Just wondering if anyone has heard of nissan making hybrid cars I havent and I am just curious if they have and what they look like


----------



## sethwas (Apr 30, 2002)

the altima hybrid comes out next year or so. It's a half hybrid like the accord and civic, not the prius.

Seth


----------



## chimmike (Oct 17, 2002)

from what I understand, Nissan worked with Toyota on it....nissan's cash and toyota's technology.


----------



## ittamaticstatic (Nov 5, 2003)

sweet I would love to have a nissan hybrid


----------



## [email protected] (Sep 5, 2005)

*hybrid*

Yes we will have a hybrid car next year or the end of this year. Yes Nissan went to Yota for the trans and Hybrid unit. I am not looking forward to working on them hehe



chimmike said:


> from what I understand, Nissan worked with Toyota on it....nissan's cash and toyota's technology.


----------



## AznBoiBryant (Dec 29, 2004)

now how fast are these hybrids? Are they going to give you enough hp to past that the guy next to you when you want to get on that lane?


----------



## sethwas (Apr 30, 2002)

a hybrid should. That electric motor has a lot of grunt.

Seth


----------



## SuperStock (Dec 31, 2003)

i hope its an Altima V6 hybrid
that would stir things up a bit


----------



## ddude2uc (Sep 7, 2005)

It’s still a few years away from arriving in showrooms, but Nissan has already begun to build prototypes of the 2007 Altima Hybrid.
Nissan will be focusing on performance with the Altima Hybrid. The prototype combines the powerful 2.5-liter engine used in the current Altima, with a 100kw electric motor. For comparison, the Prius uses a 50kw electric motor. Still, the Altima Hybrid is expected to get high fuel economy and produce very low emissions.

To produce the Altima, Nissan is buying Toyota’s hybrid technology rather than developing its own. The second largest Japanese automaker will base the hybrid offering on its best-selling Altima, giving buyers another powertrain option on its popular model rather than creating an innovative new model.

The 4-cylinder Altima Hybrid will debut in 2006 as a 2007 model vehicle. Plans for the creation of the Altima Hybrid date back to 2002, when Nissan committed to producing 100,00 hybrid vehicles over five years using Toyota's transaxle, inverter, battery and control until with an engine developed by Nissan. The company will spend over $10 million to ready its Smyrna, Tennessee plan for the hybrid Altima assembly.


----------



## AznBoiBryant (Dec 29, 2004)

bet it gets even better gas mileage when we mod it hahah! slap on some headers and a larger catback!

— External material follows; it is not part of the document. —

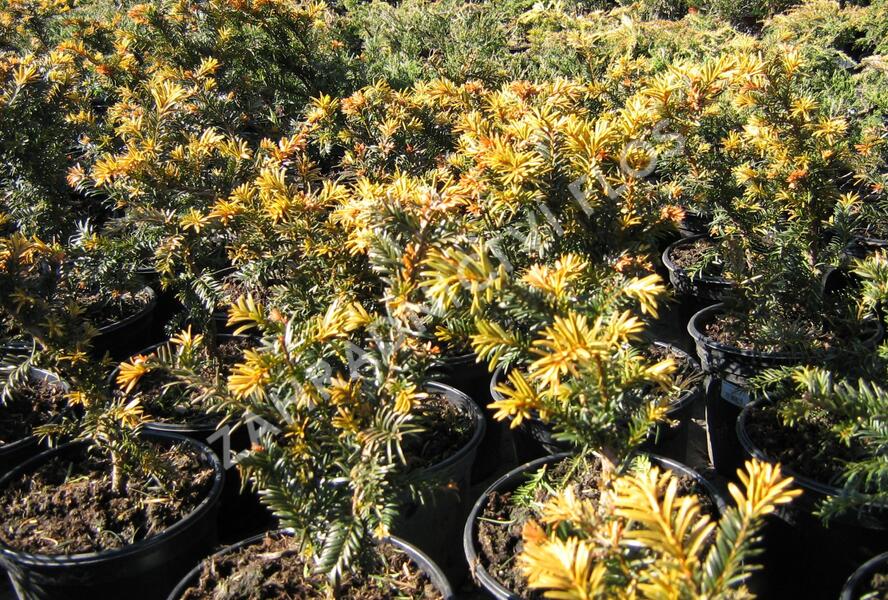 Tis červený 'Goud Elsje' - Taxus baccata 'Goud Elsje'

then like three years later it will be a turbo hybrid, LOL. Can't wait to see that.


----------



## sethwas (Apr 30, 2002)

Man you should read all the forums online about all the new hybrids coming out (try saturn vue green line). So many people are getting into it and the marketing hype is huge. But people who actually read about it know it is hype (yes they actually do get better mileage, but it doesn't warrant the extra cost, complexity, and damage to the environment). They will still sell like hot cakes. Amazing.

Seth


----------